What the exercise asks:
Pictures must not appear in your answer. Write out exactly the lines from the one with "第3话-有阿飘在强暴我!? - 第154.jpg页" through the last line of the entries below.

[Records contained in a dataset]
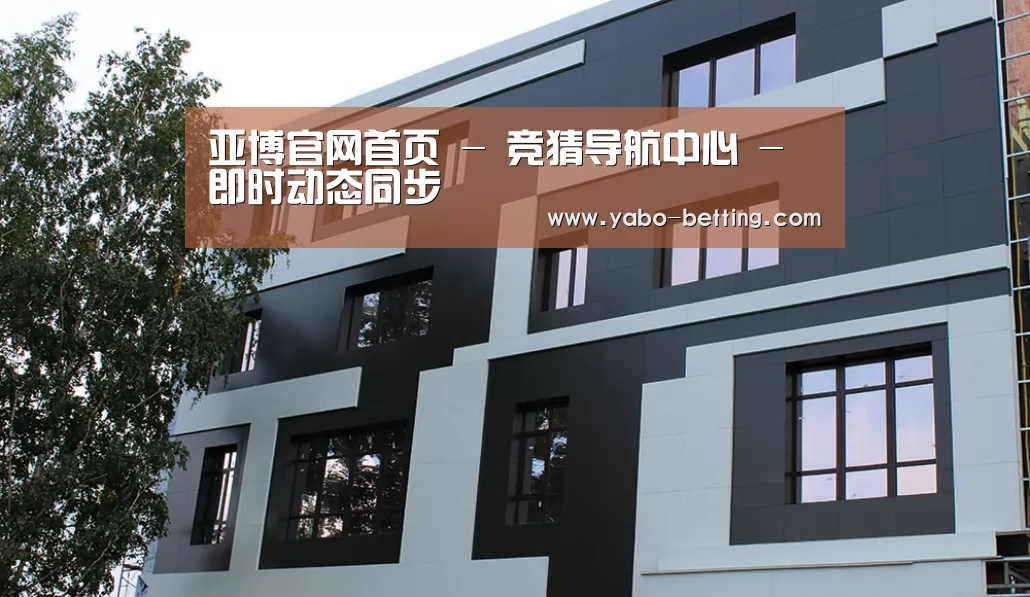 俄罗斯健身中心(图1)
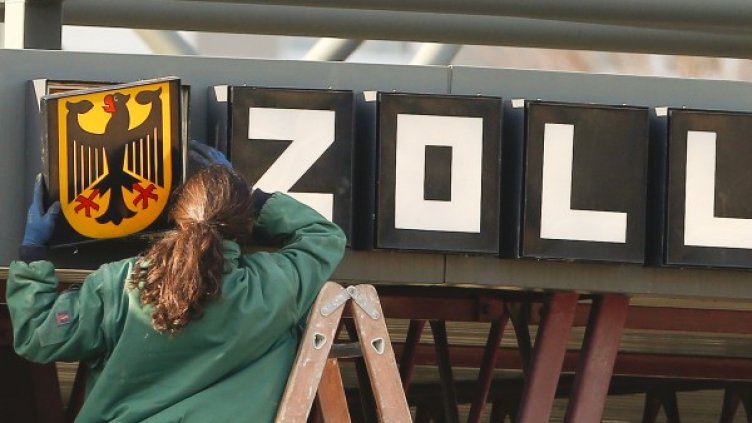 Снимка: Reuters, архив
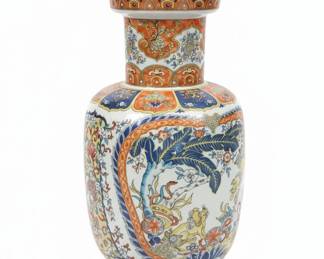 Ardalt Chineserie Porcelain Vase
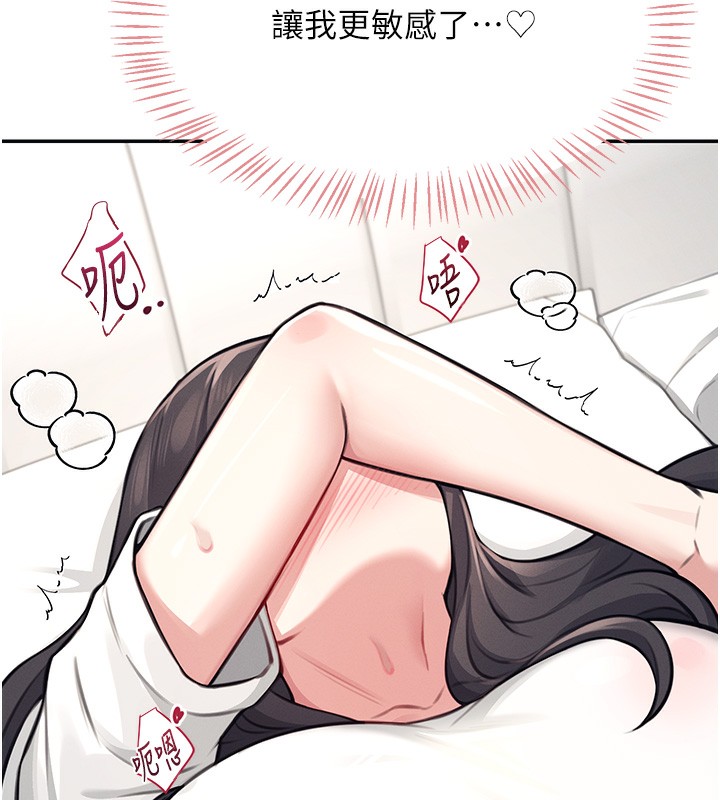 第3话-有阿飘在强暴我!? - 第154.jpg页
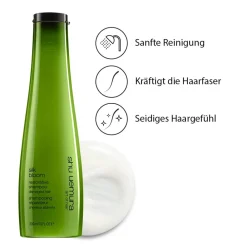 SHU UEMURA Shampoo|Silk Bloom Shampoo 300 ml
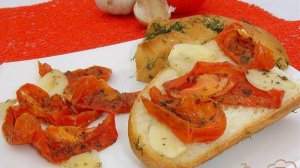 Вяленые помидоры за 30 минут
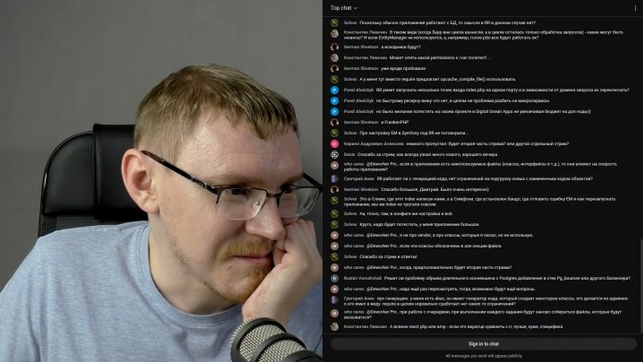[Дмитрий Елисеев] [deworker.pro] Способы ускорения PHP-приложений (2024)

The answer:
 第3话-有阿飘在强暴我!? - 第154.jpg页
 SHU UEMURA Shampoo|Silk Bloom Shampoo 300 ml
 Вяленые помидоры за 30 минут
[Дмитрий Елисеев] [deworker.pro] Способы ускорения PHP-приложений (2024)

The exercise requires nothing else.